A prominent art dealer looking at edgy contemporary works, König uses his eponymous gallery in Collingwood and the ensuing renamed space in Fitzroy. , Mainly consigned the works of young and emerging artists. Under an agreement agreed between Koenig and the artist, revenue from sales was to be split evenly.
In some cases, König put all the cash in his pocket and didn’t tell the artist that their work was sold.
Melett hopes that the exposure of König’s customs will be a reminder for young artists seeking to navigate the less regulated world of art.
“The best thing is that other artists are contacting me saying,’I’m always billing my gallery now to confuse me with payments,'” she said. “All of us are constantly working on this, it’s very frustrating. We’re the last to get paid.”
Courtlight welcomed the revelation.
“It’s a shame and not uncommon for artists to endure these experiences throughout the industry,” she said. “It’s good to see the research work on these practices, hoping to shed light on many things that artists endure under the golden light of business.”
Rosa Reedle, a Gold Coast-based mother-in-law of Simchowitz, has been trying to find the missing Courtwright work since March 2017, when König held an exhibition at the Collingwood Gallery.
Six artworks were sent to Melbourne for the show, all owned by Simchhowitz. Riedl said after the exhibition, Koenig said that one of the works was sold but did not pay for it.
According to Reedle, Simchowitz eventually received a tapestry of Lai David Bradley from König in exchange for the artwork sold, and two unsold works were returned in April last year. rice field. She says they aren’t close to finding the whereabouts of the remaining three missing pieces.
All the missing pieces are unique prints, retailing at $ 15,000 as of the 2017 show. Riedl says it has little commercial value without the certificate provided by the artist.
“Someone has paid for three Petra Cortrights, but they don’t have a certificate, so they’re not worth anything,” Riedl said. “We are in dire straits.

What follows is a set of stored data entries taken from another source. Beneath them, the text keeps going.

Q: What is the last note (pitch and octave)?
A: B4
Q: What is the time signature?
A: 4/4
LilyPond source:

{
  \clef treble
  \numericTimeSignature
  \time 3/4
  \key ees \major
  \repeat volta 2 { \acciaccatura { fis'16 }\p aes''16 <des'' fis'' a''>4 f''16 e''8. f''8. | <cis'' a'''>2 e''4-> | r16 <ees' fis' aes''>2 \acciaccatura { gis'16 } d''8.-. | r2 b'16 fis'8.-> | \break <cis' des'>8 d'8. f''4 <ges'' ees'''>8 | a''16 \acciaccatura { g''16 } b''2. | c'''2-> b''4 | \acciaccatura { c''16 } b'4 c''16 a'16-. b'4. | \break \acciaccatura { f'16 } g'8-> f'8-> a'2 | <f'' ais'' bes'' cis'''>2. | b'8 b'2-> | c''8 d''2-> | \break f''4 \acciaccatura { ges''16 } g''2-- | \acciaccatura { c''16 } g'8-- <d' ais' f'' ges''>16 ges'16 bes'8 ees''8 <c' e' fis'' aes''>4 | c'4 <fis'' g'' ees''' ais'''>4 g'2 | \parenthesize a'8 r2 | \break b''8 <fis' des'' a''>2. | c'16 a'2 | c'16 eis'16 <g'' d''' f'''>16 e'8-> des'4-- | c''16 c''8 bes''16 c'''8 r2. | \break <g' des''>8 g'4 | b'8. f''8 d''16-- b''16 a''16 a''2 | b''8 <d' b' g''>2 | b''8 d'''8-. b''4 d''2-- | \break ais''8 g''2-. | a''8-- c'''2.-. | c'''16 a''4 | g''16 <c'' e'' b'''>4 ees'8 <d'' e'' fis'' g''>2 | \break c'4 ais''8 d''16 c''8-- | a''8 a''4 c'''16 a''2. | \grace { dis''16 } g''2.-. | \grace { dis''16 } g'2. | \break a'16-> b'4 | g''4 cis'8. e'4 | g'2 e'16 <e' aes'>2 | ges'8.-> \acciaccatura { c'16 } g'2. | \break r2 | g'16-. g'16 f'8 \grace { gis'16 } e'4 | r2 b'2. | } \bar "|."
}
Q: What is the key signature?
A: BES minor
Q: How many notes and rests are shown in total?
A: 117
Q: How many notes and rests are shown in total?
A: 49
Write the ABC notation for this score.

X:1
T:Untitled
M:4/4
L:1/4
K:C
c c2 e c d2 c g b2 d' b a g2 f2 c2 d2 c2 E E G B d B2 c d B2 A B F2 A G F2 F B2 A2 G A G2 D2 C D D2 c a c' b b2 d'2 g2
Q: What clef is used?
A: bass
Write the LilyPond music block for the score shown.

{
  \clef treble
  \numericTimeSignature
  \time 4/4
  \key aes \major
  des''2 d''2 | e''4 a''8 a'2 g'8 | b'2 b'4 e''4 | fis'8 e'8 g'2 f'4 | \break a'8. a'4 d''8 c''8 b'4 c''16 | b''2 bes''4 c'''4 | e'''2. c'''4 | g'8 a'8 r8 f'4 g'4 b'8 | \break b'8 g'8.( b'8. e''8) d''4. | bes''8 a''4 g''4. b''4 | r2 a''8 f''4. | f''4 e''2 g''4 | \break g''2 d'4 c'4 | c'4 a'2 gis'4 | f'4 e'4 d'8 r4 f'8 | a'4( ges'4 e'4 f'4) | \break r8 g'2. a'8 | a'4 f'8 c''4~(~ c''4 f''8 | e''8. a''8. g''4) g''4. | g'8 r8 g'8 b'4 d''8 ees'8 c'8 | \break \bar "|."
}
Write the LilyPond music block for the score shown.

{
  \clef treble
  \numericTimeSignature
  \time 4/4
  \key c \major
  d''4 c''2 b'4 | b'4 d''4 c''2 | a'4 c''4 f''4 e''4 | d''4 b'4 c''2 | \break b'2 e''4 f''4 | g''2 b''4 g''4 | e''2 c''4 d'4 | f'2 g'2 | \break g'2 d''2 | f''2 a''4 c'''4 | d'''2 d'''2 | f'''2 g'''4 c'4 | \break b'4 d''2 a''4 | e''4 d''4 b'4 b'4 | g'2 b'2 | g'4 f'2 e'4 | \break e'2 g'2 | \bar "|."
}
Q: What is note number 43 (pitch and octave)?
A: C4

There are three paintings that are not classified as genuine Petra works.”
Patrick Keisel, Dean of the Law Department at the Catholic University of Australia, is working free of charge to help Simchowitz recover the missing piece from König. He said his client is still considering whether to file a claim for damages against König. “It’s pretty clear that we can answer,” he said.
A group of collectors who purchased paintings from König at the end of last year and did not receive the works began legal proceedings in the Magistrates’ Court. All collectors brought paintings by Texas-based artist John Joanis.
Joanis Age When Sydney Morning Herald He still possesses the painting and shipped it to the buyer awaiting payment from König.
Last week, the Magistrates’ Court in Melbourne issued a warrant on behalf of three buyers, Michael Spooner, Helen Roberts and Andrew Strickland, to seize property for breach of contract.
The West Brunswick address listed for König in court documents is a property owned by his wife and currently on the market. It was put up for auction on Saturday.
Joanis, approached by König to sell his paintings at the New York Art Fair, knows that many other artists claim to have borrowed König’s money and lost their jobs. He said he was shocked.
“All this time, I thought Trischan had some kind of memory weakness, and I was struck by it. I didn’t think this was a pattern.”